‘We need the strength out on the road’: Record-breaking class of MPD recruits begin field training

The Madison Police Department’s record-breaking class of 50 recruits are on the road starting their field training.

Beyond former Chief Mike Koval, police said the department is dealing with a number of recent retirements, and the newest class of recruits will help fill out the ranks.

“It’s new,” recruit Fabiola Ortiz said. “I don’t think there’s any other experience I can relate this to.”

Getting out on the road on patrol for the first time can be stressful.

“It is a lot to learn,” Officer Kim Alan said. “I try to stress that to trainees, try not to get too overwhelmed.”

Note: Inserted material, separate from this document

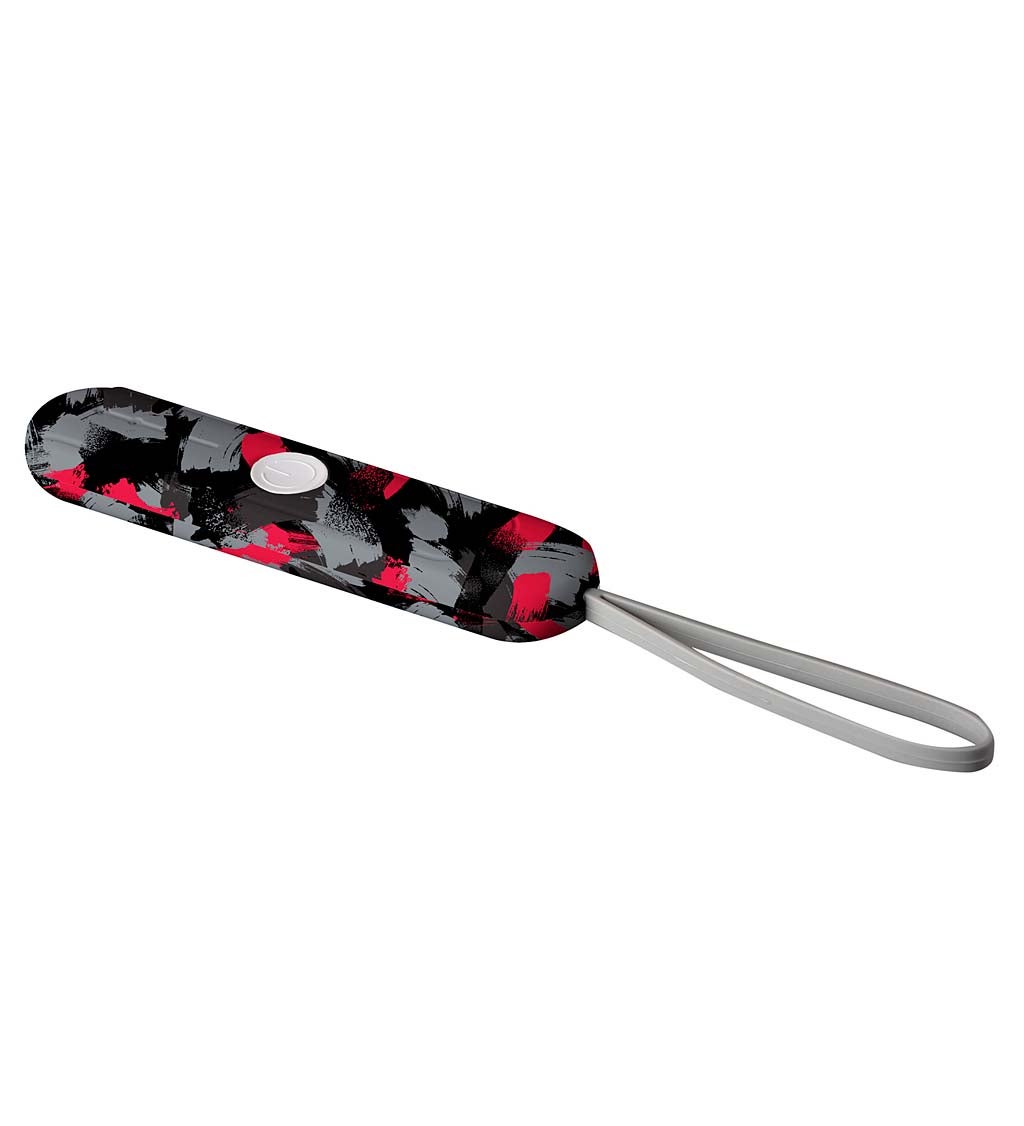 Red Pattern Portable UVC Light Sanitizer Wand with Case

Having a longtime officer such as Alan to offer advice helps pave the way.

“Someone like me who’s been out for going on 13 years, I can say this is what I did, or this is what someone I knew did, because I have that huge base of experience,” she said.

“(Alan) said, ‘Don’t mistake my excitement for nerves,’ and I think that was a lot to do with how I was feeling at the start,” Ortiz said. “Now, I’m excited every day.”

Ortiz is excited to drive a squad car, use the radio and most of all, respond to calls, including a missing person call Sunday afternoon.

“You know somebody is in need, so getting there is the first step, then being able to help as much as you can,” she said.

Alan said the 50 new recruits will help current officers, too, especially when they’re feeling the effects of a lack of officers.

“(Training) can get stressful, but we’ve got to get through it and replace those who retired, and we need the strength out on the road,” Alan said, adding that she gives credit to trainers at the Academy for getting the recruits ready for field training.

To retain the to-be-officers, she said it’s important to be there for them, especially when they hit bumps in the road.

“I try to make sure they have my phone number and email,” Alan said. “You need to see each one as an individual person and provide them with mentoring and support … You try to make sure they feel like they’re a part of the brotherhood or family here.”

That helps set the career path for officers such as Ortiz, who’s enjoying each step of field training before hitting the road on her own.

“Just that initial, ‘Hi I’m Officer Ortiz with Madison Police Department.’ That first line gets engraved in you to use it, and you know you’re using it right and things are going to go forward from that moment,” Ortiz said. “It’s a pretty good feeling.”

If all goes as planned, the newest class of recruits will be done with field training and out on their own in February.